--- MATERIAL PROVIDED Enclosed Below ---

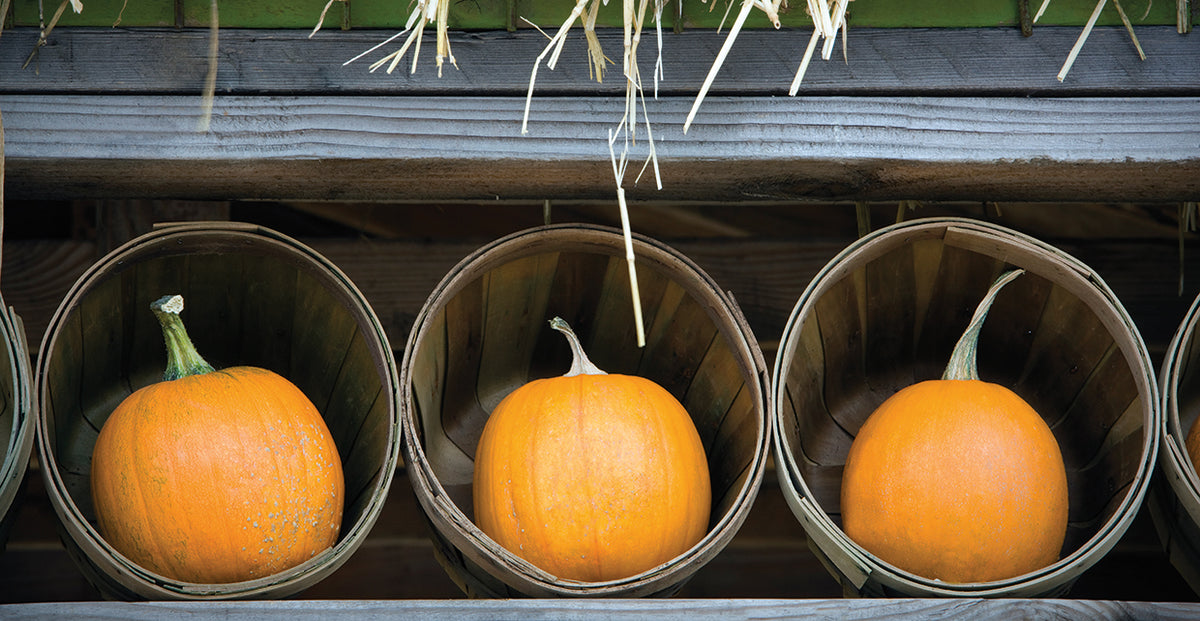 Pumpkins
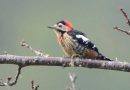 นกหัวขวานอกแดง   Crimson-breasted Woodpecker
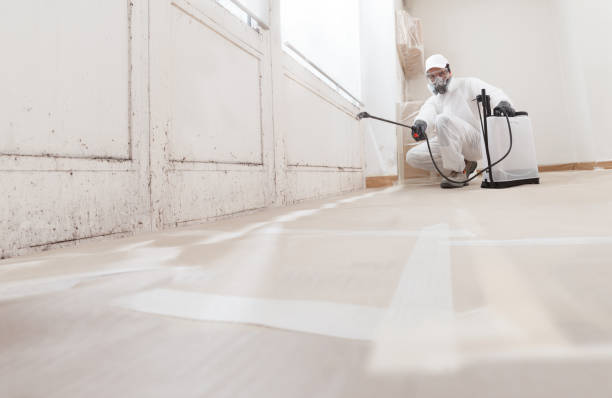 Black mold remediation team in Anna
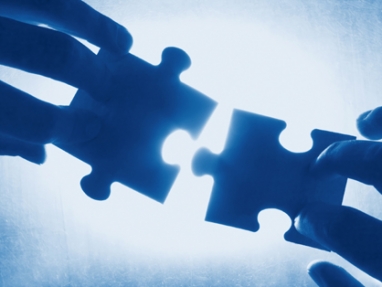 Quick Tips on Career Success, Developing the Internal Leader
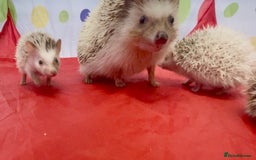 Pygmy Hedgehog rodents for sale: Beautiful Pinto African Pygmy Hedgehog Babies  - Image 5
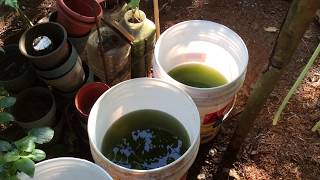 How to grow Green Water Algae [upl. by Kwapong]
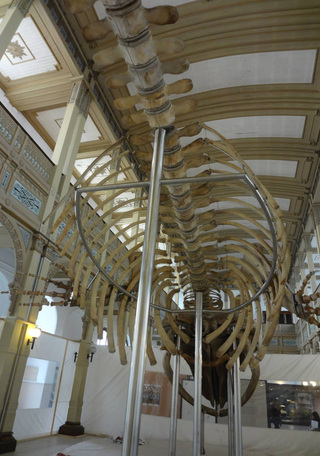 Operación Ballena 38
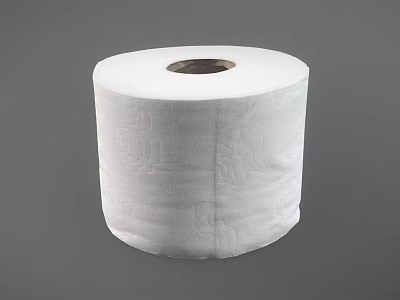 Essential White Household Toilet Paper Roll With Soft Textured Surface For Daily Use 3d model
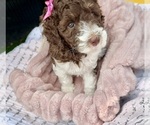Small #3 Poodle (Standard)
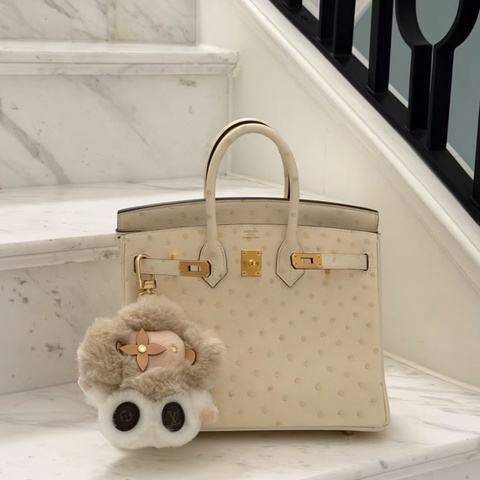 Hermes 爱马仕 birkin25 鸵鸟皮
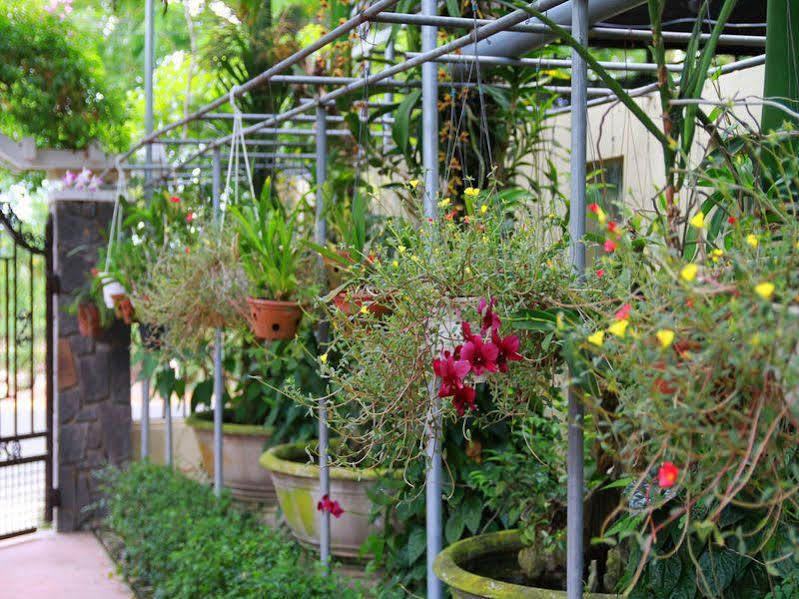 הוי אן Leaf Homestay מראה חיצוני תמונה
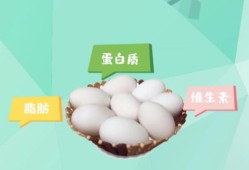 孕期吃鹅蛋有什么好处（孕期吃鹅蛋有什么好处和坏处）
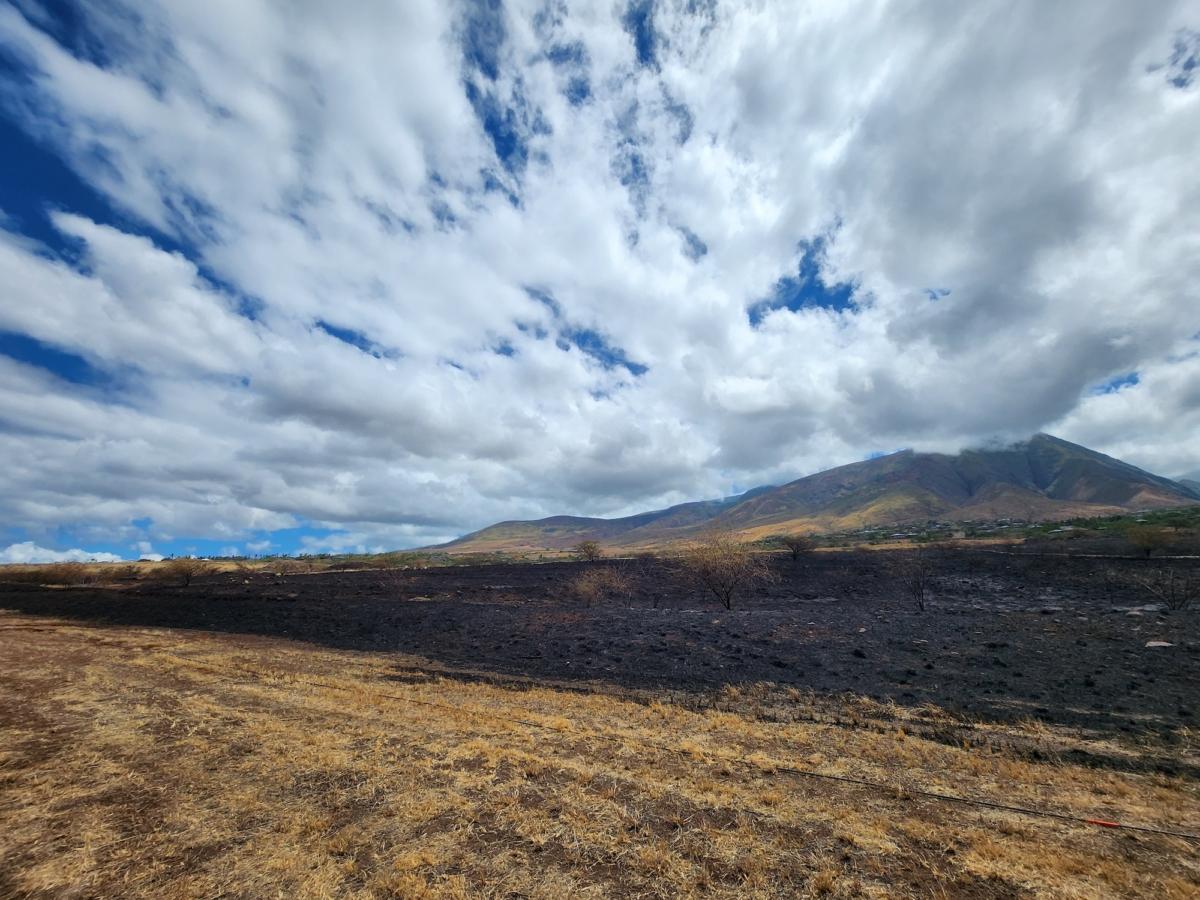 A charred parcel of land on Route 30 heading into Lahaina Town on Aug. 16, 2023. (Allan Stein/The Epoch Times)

--- End of Enclosed MATERIAL PROVIDED ---
--- MATERIAL PROVIDED Enclosed Below ---

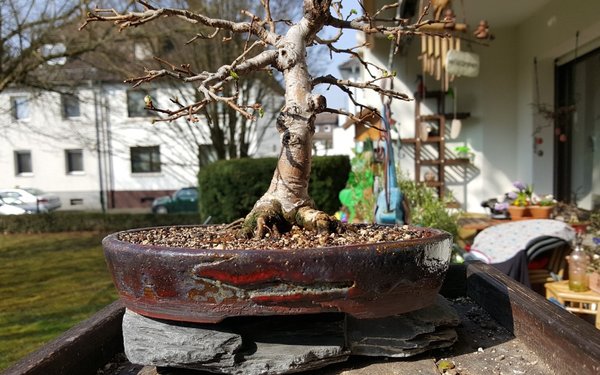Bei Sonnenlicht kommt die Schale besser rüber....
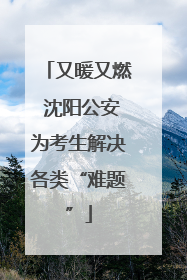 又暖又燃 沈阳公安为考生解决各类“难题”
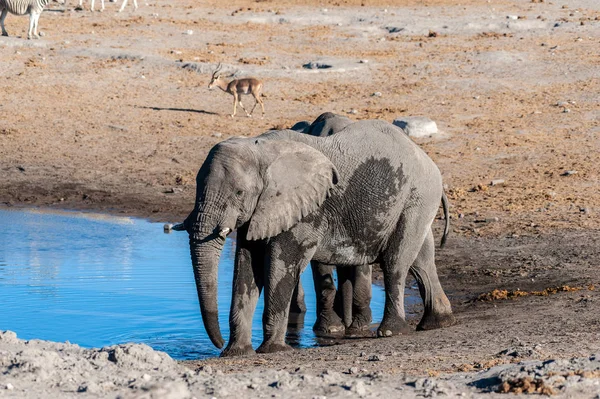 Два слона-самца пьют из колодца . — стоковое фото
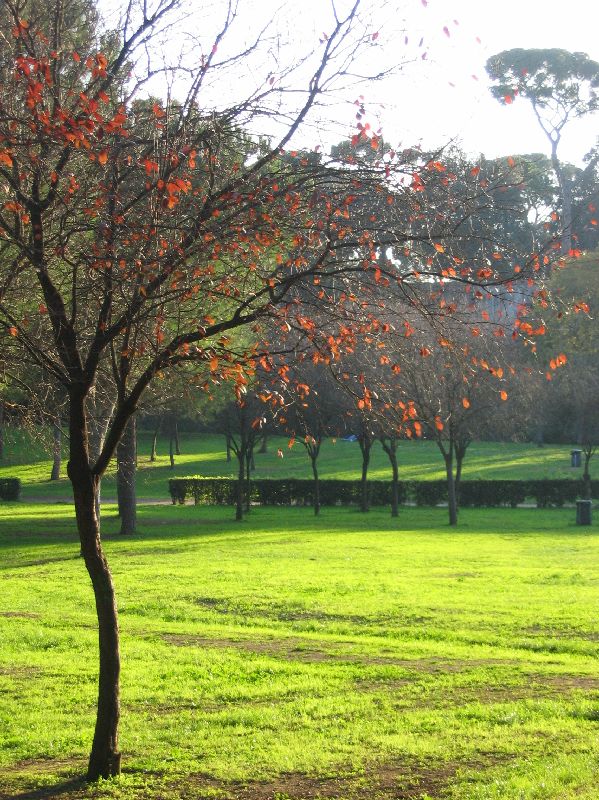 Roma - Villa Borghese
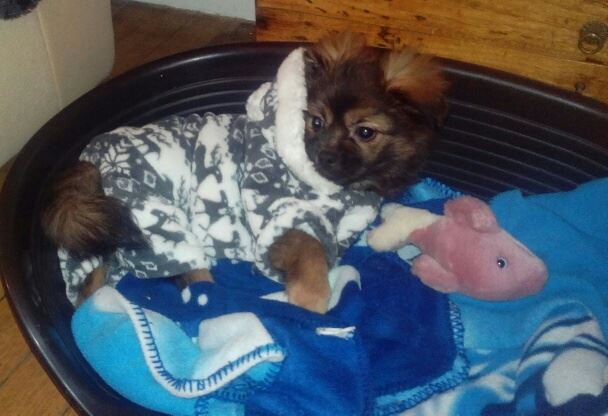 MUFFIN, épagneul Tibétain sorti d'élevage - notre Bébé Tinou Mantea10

--- End of Enclosed MATERIAL PROVIDED ---

__WORK TO COMPLETE__
Of the lines above, copy only those from the one holding "นกหัวขวานอกแดง" to the one holding "A charred parcel", both included, and exclude every image.

__EXERCISE SOLUTION__
 นกหัวขวานอกแดง   Crimson-breasted Woodpecker
 Black mold remediation team in Anna
 Quick Tips on Career Success, Developing the Internal Leader
 Pygmy Hedgehog rodents for sale: Beautiful Pinto African Pygmy Hedgehog Babies  - Image 5
 How to grow Green Water Algae [upl. by Kwapong]
 Operación Ballena 38
 Essential White Household Toilet Paper Roll With Soft Textured Surface For Daily Use 3d model
Small #3 Poodle (Standard)
 Hermes 爱马仕 birkin25 鸵鸟皮
 הוי אן Leaf Homestay מראה חיצוני תמונה
 孕期吃鹅蛋有什么好处（孕期吃鹅蛋有什么好处和坏处）
 A charred parcel of land on Route 30 heading into Lahaina Town on Aug. 16, 2023. (Allan Stein/The Epoch Times)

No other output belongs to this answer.